Back to: Module: Helping Students Read
Good reading lessons include several different types of activities. Some activities build skills; others focus on the meaning of the text. Some activities encourage students to think about new ideas. Activities should be enjoyable, and all of them should give students a chance to show they can do something well or come up with good answers. Also, all of them should keep students thinking and doing things, not just sitting there watching.
Let’s go back to the recipe idea. Most recipes include two parts: a list of ingredients and a set of instructions. In cooking, there are some key ingredients that go into almost everything. These are the main things our foods are made of. Almost every kitchen has them—for example, flour, sugar, salt, pepper, water, eggs, oil, and so on. These key ingredients can be found in lots of recipes. There might also be some special ingredients, ones you have to buy specifically for that recipe. The recipe’s steps tell you how to combine the ingredients—both the common and specialty ones—to create the dish you’re cooking.
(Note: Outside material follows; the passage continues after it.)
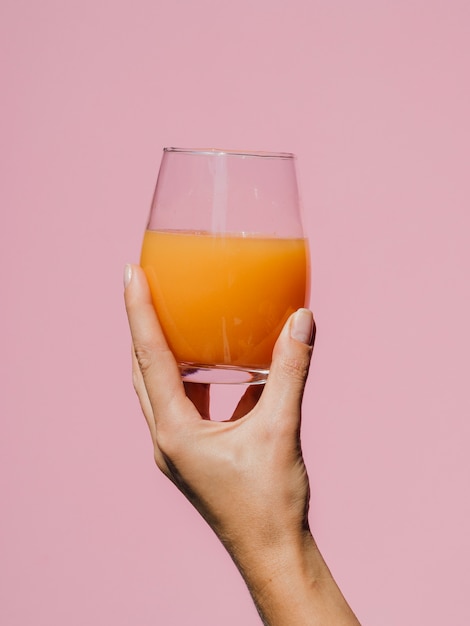 Woman hand holding a flavorful glass of juice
The ingredients and steps of recipes are a bit like the scope and sequence of instruction. There are key ingredients in reading lessons. These consist of the skills and knowledge that students must acquire in order to become more competent readers. There may be specialty ingredients, too (new subject-specific vocabulary, perhaps). These are the scope, or parts, of reading that a lesson uses. The steps of the recipe are just like the steps of the lesson. They tell you the sequence for combining prior knowledge with instruction to generate new learning.